Thank you for the responses.
1) "One is significantly more orderly than the other".
I believe that I understand what you mean when you say this, but this common assumption is very problematic when analyzed from a musical perspective.
First of all, what is meant by order? Is it the presence of a time signature and the fact that every beat can be lined up with a metronome? If it is, and if this order is essential for good music, then Gregorian chant would be the worst music of all, since it totally lacks strict rhythm and when sung correctly is not and, arguably, should not be metronomically precise.
Part of what perpetuates the false relation between classical music and dogmatic rigidity is an anachronistic viewpoint on the history of classical music. It's very likely that what you perceive to be "disorder" in Jazz music are the improvisational elements that are essential and synonymous with this genre. However, it bears noting that improvisation was a crucial part of classical music until very recently, and that improvisation does not equate disorder.
As an example of the former, we have countless examples from the Baroque era of improvisation being an essential part of the musician's art. Contemporary sources describe the written out solos in Handel's organ concertos as mere skeletal outlines of what Handel would improvise in live concert. The unmeasured preludes of the French harpsichord school are nothing more than written out improvisations. The organ toccatas of Buxtehude, all of which were unpublished during his lifetime, were written out examples of what North German organists would play ex tempore, the same goes for John Stanley's voluntaries. The list goes on ad infinitum.
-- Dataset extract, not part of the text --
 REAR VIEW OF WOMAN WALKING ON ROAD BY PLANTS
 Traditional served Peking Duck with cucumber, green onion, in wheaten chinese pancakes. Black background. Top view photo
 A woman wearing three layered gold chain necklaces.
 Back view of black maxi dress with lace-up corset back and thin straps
But perhaps it is not the improvisational elements of Jazz that you have a problem with - perhaps it is the manner of improvisational that leads you to think of Jazz as disorderly. I grant that some Jazz may sound cacophonous and disorganized. However, Jazz has very complicated and strict rhythms that an ear used to listening to strictly classical music may not be able to discern initially. Not that complicated rhythms and syncopation are alien to classical music (just try playing a Chopin mazurka if you want evidence of that), but the degree of complexity in Jazz can make the neophyte feel lost. Aside from that, successful improvisation requires the player to adhere to the same harmonic patterns as those the composer works out on paper. In this sense, the ex tempore playing is almost indistinguishable from composing. Improvisation is actually a very organized and methodical art, although the skilled improviser hides this with the natural fluidity of his playing.
2) "Lines have been blurred".
Indeed they have! Two of my favorite piano composers, Poulenc and Rachmaninoff, have jazz elements all over their music. Once in America, Rachmaninoff frequented clubs that had jazz bands to listen to the music.
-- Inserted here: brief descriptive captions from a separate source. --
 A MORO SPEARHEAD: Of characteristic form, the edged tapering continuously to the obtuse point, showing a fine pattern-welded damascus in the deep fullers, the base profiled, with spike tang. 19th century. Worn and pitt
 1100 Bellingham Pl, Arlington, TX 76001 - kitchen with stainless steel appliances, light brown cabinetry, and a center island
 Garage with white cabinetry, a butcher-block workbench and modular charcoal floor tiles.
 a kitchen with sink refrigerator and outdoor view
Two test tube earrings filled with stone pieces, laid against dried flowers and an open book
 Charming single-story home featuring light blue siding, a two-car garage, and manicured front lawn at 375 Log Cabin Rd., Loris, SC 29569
I too like classical music. However, musically speaking I would much prefer to listen to a live jazz improvisation rather than a nondescript symphony, string quartet, or what have you littered with stereotyped ideas and harmonic progressions from the period, written by a composer who probably just jotted it down on the fly for some cash. There's a sense of urgency and sincerity in the former that appeals to me on a musical and human level.
Yes, I do enjoy weaving through the harmonic complexities of the Well-Tempered Clavier or the Goldberg Variations as a way to help my mind sift through the mess in the Modern church and to give some semblance of order to my highly disordered life, but other times it is much more effective to simply relax, let go, and indulge in the lush, sensuous harmonies of Jazz and forget about the worries of life for a few minutes....strangely, the only thing that has a similar effect is Renaissance music with very simple harmonic progressions that are still tinged with modal harmonies, such as the keyboard works of Sweelinck and Byrd.
3) "Classical music isn't associated with the sex and booze of the 1920's".
But you forgot the 1420's! Perhaps you don't realize that the polyphonic music, such as that of Palestrina's, that Catholicism has come to embrace is of profane origin and was allowed into the Church only very slowly and against great resistance.
I believe that musical merit can outweigh the particular influences or origins of a certain musical style after the passage of time.
I'll give one example. The tune that "O Sacred Head Now Wounded" is almost always sung to is of secular origin. To our modern ears, there is absolutely nothing profane about this tune, and when we sing it during Passiontide and Holy Week it is always a very grave and moving addition to the liturgical ceremonies. Yet, imagine what a 14th century layperson would think if he walked into one of our churches on Good Friday and heard this tune being sung in one of Bach's polyphonic arrangements! It would be like us walking into a church on Good Friday and hearing the choir singing the words to "O Sacred Head Now Wounded" to the music of "Smoke Gets in Your Eyes", complete with a saxophone soloist! (Oh wait, stuff like that already happens in the Novus Ordo...)
So yes, music can outlast and go beyond the limitations of its origins.